Speaking of Ovechkin: after years of conversations about whether the team should trade the Russian scoring savant, which took place every time the Capitals suffered an early exit from the playoffs, Ovechkin went from the guy who’d perennially go AWOL in the postseason to the leader in the clubhouse for the Conn Smythe trophy.

It took Ovechkin exactly 62 seconds into the game last night to remind everyone why he’s still the best pure goal scorer in the NHL. He launched a Patriot missile from the left face off circle that Vasilevskiy only noticed once it whizzed over his shoulder, and opened the scoring flood gates that took place.

Gone is the narrative that Ovechkin had a 3-7 record (prior to last night) in Game 7’s in the playoffs, the worst record of any NHL player in history to play in that many Game 7’s. If he adds a Stanley Cup to his name, Ovechkin will not only cement his legacy as one of the greatest hockey players of all time, but maybe the greatest DC sports athlete of all time.

But while Ovechkin is the Captain, he’s leading a squad with a “professionally care-free” spirit, the likes of which we haven’t seen from any DC sports team in years, if not decades. As others have said: they just don’t seem to be as encumbered with the “here we go again” 800lb-gorilla of past playoff failures.

The Capitals went down 0-2 to Columbus, then took four straight. The Capitals lost Game 1 against Pittsburgh in gut-wrenching fashion at home, then beat the Penguins four of the next five games. The Capitals blew a 2-0 lead to the Lightning by losing three straight games (including the always critical Game 5), only to decisively win Game 6 at home and then win Game 7 on the ice of the best team in the Eastern Conference.

Game 7’s are the birthplaces of unlikely playoff heroes, and the Caps had one of their most unlikely players step up in Andre Burakovsky. Burakovsky has been the resident whipping boy for Caps fans to this season; the highly-talented winger’s development has been stifled mostly on account of all the criticisms levied upon him are getting to his head. It got to the point where Burakovsky publicly admitted that he’d consider seeking the help of a sports psychologist in the offseason. But after what he did last night, maybe he should cancel any upcoming appointments with a shrink that he might have had on the books.

Burakovsky’s performance last night was symbolic of the Caps entire postseason run: every time it seemed like the Capitals were down for the count, they got up off the canvas, kept swinging, and kept advancing towards their goal of getting to the Stanley Cup.
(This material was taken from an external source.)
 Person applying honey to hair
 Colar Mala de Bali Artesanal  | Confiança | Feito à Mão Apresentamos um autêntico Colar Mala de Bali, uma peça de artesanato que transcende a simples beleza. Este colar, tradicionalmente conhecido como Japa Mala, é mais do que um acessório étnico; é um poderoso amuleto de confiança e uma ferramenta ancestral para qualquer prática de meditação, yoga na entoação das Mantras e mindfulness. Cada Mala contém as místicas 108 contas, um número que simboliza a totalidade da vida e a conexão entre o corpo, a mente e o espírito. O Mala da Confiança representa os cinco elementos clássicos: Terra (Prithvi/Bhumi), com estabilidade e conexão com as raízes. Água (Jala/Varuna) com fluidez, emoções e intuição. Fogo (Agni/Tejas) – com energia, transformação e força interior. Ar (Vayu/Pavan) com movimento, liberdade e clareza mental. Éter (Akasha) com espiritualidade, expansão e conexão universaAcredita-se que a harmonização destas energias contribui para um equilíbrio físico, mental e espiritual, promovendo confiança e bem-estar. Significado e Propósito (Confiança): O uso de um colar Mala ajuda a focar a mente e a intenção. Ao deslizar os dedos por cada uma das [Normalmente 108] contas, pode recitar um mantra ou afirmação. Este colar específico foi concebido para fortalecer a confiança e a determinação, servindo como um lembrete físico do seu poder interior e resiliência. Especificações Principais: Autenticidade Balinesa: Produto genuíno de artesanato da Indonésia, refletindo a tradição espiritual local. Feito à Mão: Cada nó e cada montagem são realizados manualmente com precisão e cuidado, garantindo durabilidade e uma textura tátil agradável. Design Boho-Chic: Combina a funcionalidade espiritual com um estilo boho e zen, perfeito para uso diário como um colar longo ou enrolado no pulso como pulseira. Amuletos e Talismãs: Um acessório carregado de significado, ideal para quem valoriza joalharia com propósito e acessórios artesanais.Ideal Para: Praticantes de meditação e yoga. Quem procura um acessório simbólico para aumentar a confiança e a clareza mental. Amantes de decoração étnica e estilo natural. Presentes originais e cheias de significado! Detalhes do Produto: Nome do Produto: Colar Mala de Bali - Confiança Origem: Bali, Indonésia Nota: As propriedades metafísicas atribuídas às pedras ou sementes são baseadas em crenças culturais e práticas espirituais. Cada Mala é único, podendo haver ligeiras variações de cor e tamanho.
And last night, they fucking did it.

At least for this brief moment, the Capitals were able to silence many of the media talking heads who chortled at the annual failure of DC sports teams in the postseason.

For what it’s worth, 11 of 13 of ESPN’s NHL analysts — including local boy Greg Wyshynski — picked Tampa Bay to win this series.

While that cantankerous hypocrite Michael Wilbon will likely try to find ways to discount the magnitude of the Capitals’ victory, he couldn’t stop boasting about the “Ning” before and during the series. You could practically hear the NHL’s talking heads on television — including NBCSN’s resident hockey asshat Mike Milbury, who makes no apologies for his anti-Capitals bias and his unfettered pro-Canada bias and deification of that nancy-boy Sidney Crosby — gnashing their teeth while (begrudgingly) praising the Capitals for their efforts.

Of the four NHL writers polled yesterday afternoon, before the game took place, all four picked Tampa Bay to win, because of how much home ice advantage mattered in Game 7, and because of the fact that the Capitals were 4-11 (heading into last night) all time in Game 7’s — the worst such record of any team in the NHL.

Gone are such narratives this morning. The sports world, inside and outside of DC, finally had to come to terms with just what the Washington Capitals accomplished.

Last night, they fucking did it.

And as T.J. Oshie would have you know: they’re not done yet.